Хомяков. Однако в Греции…

Пушкин перебил его:

– В Греции были очень различные периоды, и после Гезиода и даже Гомера нельзя было сказать, что существует полная литература. Ты забываешь, что у греков было много муз. В Греции прежде всего танцевали и пели, потом появились рапсоды, как наши бояны и как барды. Это была почва, корень, ствол, на котором взросла литература. Они, может быть, писали меньше, это и отличает их от нас, современных людей. Мы иногда слишком литературны.

Хомяков. В каком смысле?

Пушкин. В том смысле, что мы только писатели, что мы живем вне всяких человеческих и общих интересов. Древние уже позже установили свои правила относительно красоты, искусства, красноречия, но я прошу тебя заметить, что от Гезиода до Гомера, до Сафо, до Теокрита, Пиндара, Анакреона, Эврипида, Софокла, Аристофана, Эсхила их литература развивалась постепенно, естественным ходом человеческого развития. И это была счастливая эпоха, когда именно мало занимались литературой, а просто жили – и жизнь создавала произведения, отражавшие ее. В то же время родились музы – все в один день вместе со своим регентом Аполлоном. Только они прежде всего стали плясать и петь, что народ везде делает и до сих пор. Они дали своим танцам и песням известный ритм, дали известный размер и тем стихам, которые они пели. Это явилось само собою. Они разнообразили этот размер и начали говорить стихи вместо того, чтобы их петь, и рифма родилась совершенно естественно из музыкальной мелодии. Рифма даже заменила музыку, как только начали декламировать стихи. Вот вам греческая почва, священный лес греков. Он стал священным лесом для всех народов, для нас также, но деревья и растения видоизменяются сообразно с почвой и климатом. И у них почва была драгоценна только тем, что она произвела, – только своим плодородием. Сама по себе почва – ничто, она может быть и каменистой Аравией, и Аркадией.

Полетика. Этот Пушкин – какое-то чудо! Он поразителен. Он думает столько же, сколько поет и танцует.

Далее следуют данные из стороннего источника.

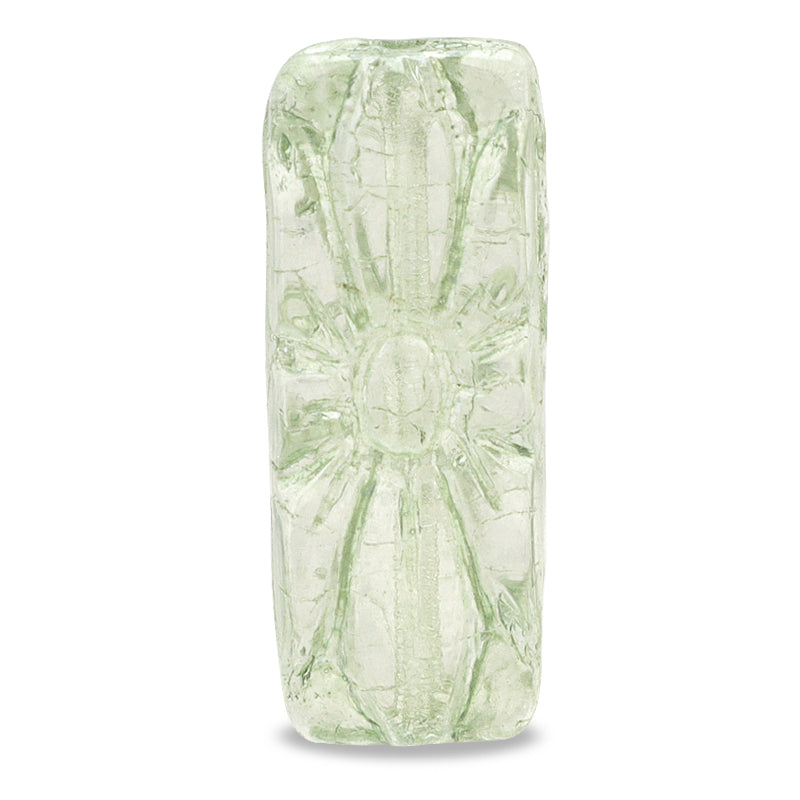 Czech Rectane Glue Flower 2 Oli Blaster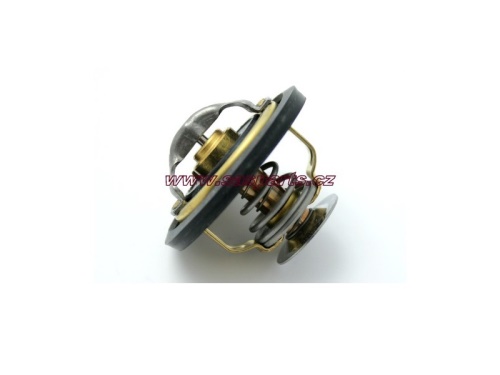 termostat M26.2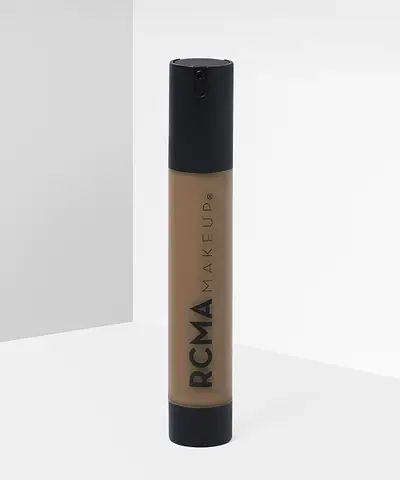RCMA - Liquid Foundation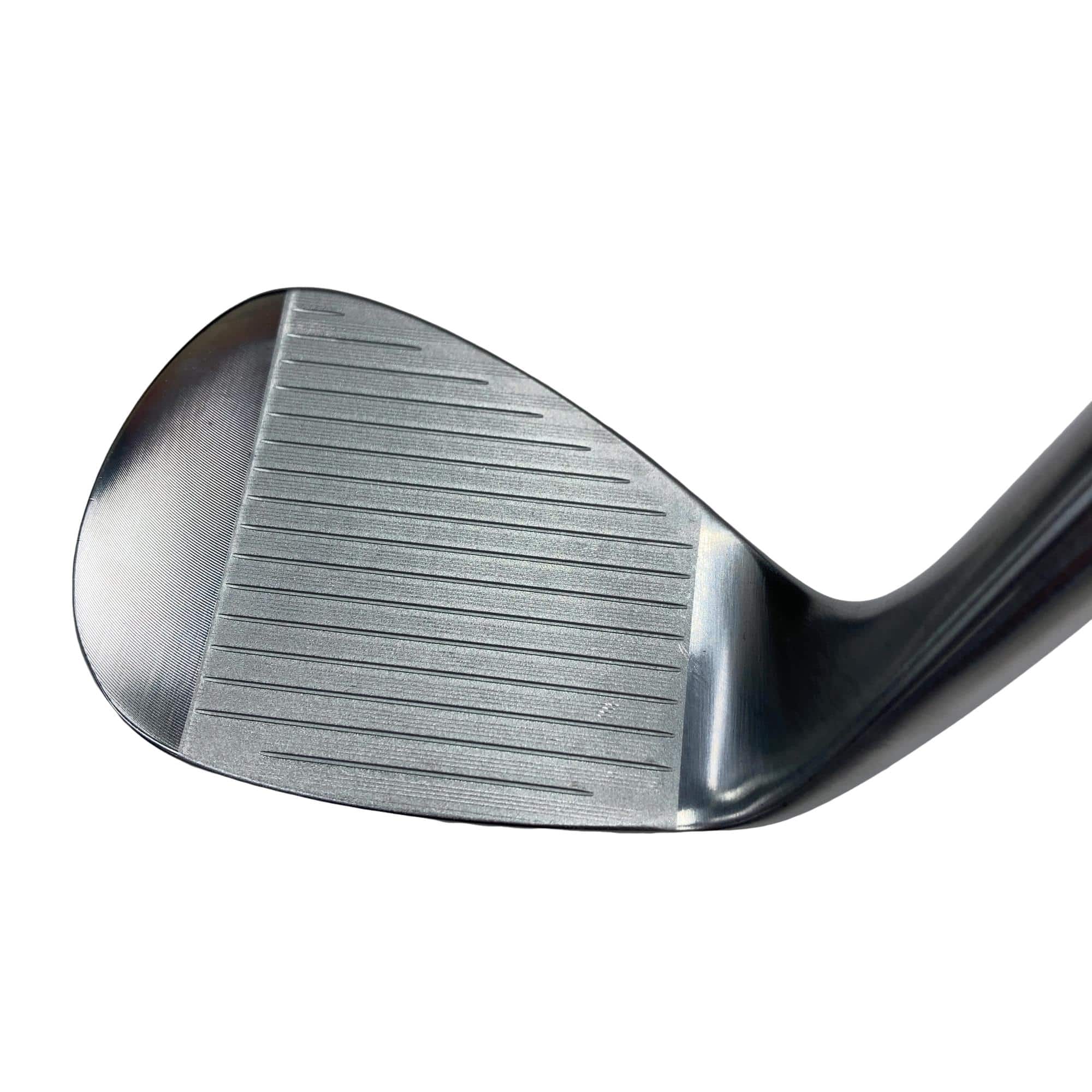 �b�n�l�o�d�s�h�y�h�n�m�d�@�T�U�W�@�e�n�q�f�d�c�@�v�d�c�f�d�@�c�A�[�T�e���@�T�W°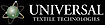 Universal Textile Technologies logo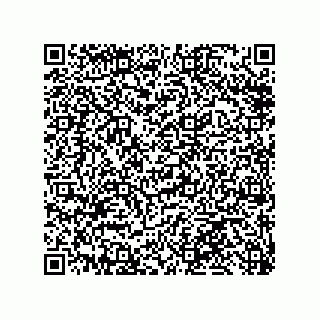 vCard 79512790088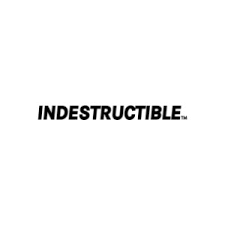 Indestructible Shoes Promo Code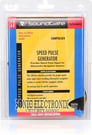 SoundGate CANPULSE4 *Price Good Only While Supplies Last* Image 2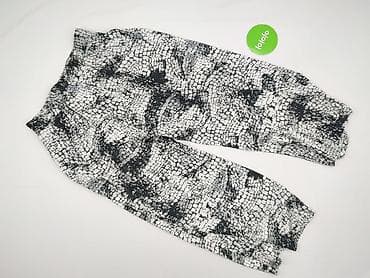 botki tk maxx: Sweewë, Spodnie damskie, rozmiar L — 3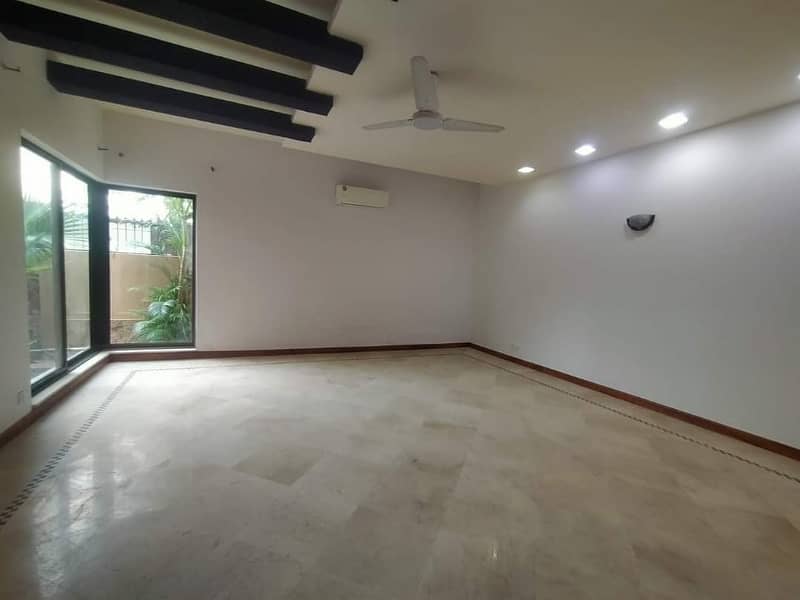 2 Kanal House For Rent Dha Phase 2 16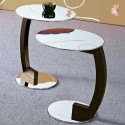 Zen Cattelan Italia Coffee Table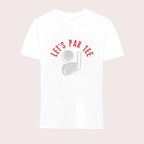 B-PM-54-WHT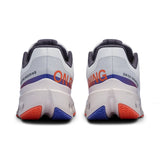 On Womens Cloudsurfer 2 Running Shoes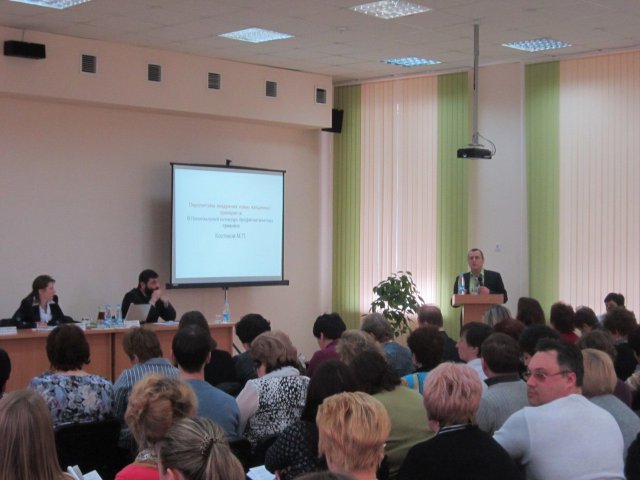 img1361521339 b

Общий взрыв смеха над этим удивительным чудом. М-me Карамзина сказала Хомякову:

– Вы забываете, что Пушкин написал «Руслана и Людмилу» и еще несколько совершенно русских вещей.

Пушкин возразил:

– А он желает, чтобы я написал эпическую поэму без рифм в тридцати шести песнях, славянским слогом десятого века.

Когда смех замолк, заговорил Жуковский:

– Мы будем говорить о всеобщей литературе.

Полетика. И о древней также, об учителях.

Пушкин. Об их всемирном влиянии на современных писателей или, скорее, на весь мир со времени христианства, на весь мир, у которого есть постоянно развивающаяся литература.

Хомяков. На нас древние имели незначительное влияние.

Пушкин. Так ты думаешь, что византийцы, то есть греки и латиняне, ничего не дали России – если даже наша почвенная словесность и иная? Ты ошибаешься. К нам проникло множество языческих легенд. Во всех европейских государствах почвой были легенды – например легенды друидов у кельтов, и точно так же, как и на Востоке, и в Греции, эта литература является сначала религиозной, а затем уже становится эпической. У скандинавов, у готов, у англосаксонцев, у славян, у иберийцев, у тевтонов – у всех них основа одна и та же, у всех этих народов были или барды, или скальды, или бояны. Эта-то общая почва вместе с религией и создала поэзию, как, например, в Греции.